Then We Came to the End
- First US edition with image of Post-it notes
- Author: Joshua Ferris
- Language: English
- Genre: Novel
- Publisher: Little, Brown and Company
- Publication date: March 1, 2007
- Publication place: United States
- Media type: Print (Hardback)
- Pages: 400 pp (HB 1st edition)
- ISBN: 978-0-316-01638-4
- OCLC: 62679893
- Dewey Decimal: 813/.6 22
- LC Class: PS3606.E774 T47 2007

= Then We Came to the End =

2007 novel by Joshua Ferris

Then We Came to the End is the first novel by Joshua Ferris. It was released by Little, Brown and Company on March 1, 2007. A satire of the American workplace, it is similar in tone to Don DeLillo's Americana, even borrowing DeLillo's first line for its title.

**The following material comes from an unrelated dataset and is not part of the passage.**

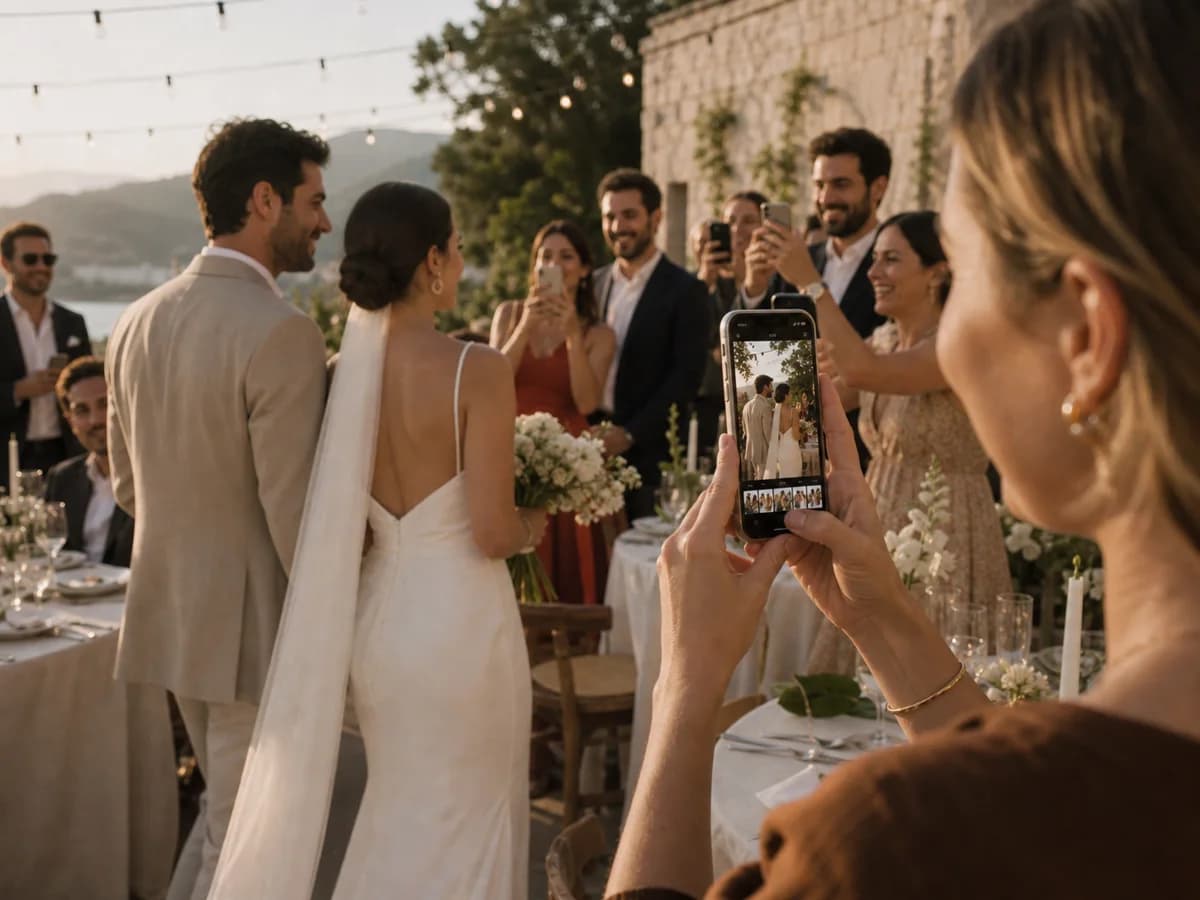 Düğün fotoğraf paylaşım uygulamalarını araştıran çift ve misafirlerin dolu ortak albümü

It takes place in a Chicago advertising agency that is experiencing a downturn at the end of the 1990s Internet boom. Ferris employs a first-person-plural narrative.

==Critical reaction==
The book was greeted with positive reviews from GQ, The New York Times,The New Yorker, Esquire, and Slate. The book was named one of the Best Books of 2007 by The New York Times.

Time magazine's Lev Grossman named it one of the Top 10 Fiction Books of 2007, ranking it at No. 2.

The book won the PEN/Hemingway Award for best first novel and the 2007 Barnes & Noble Discover Great New Writers Award.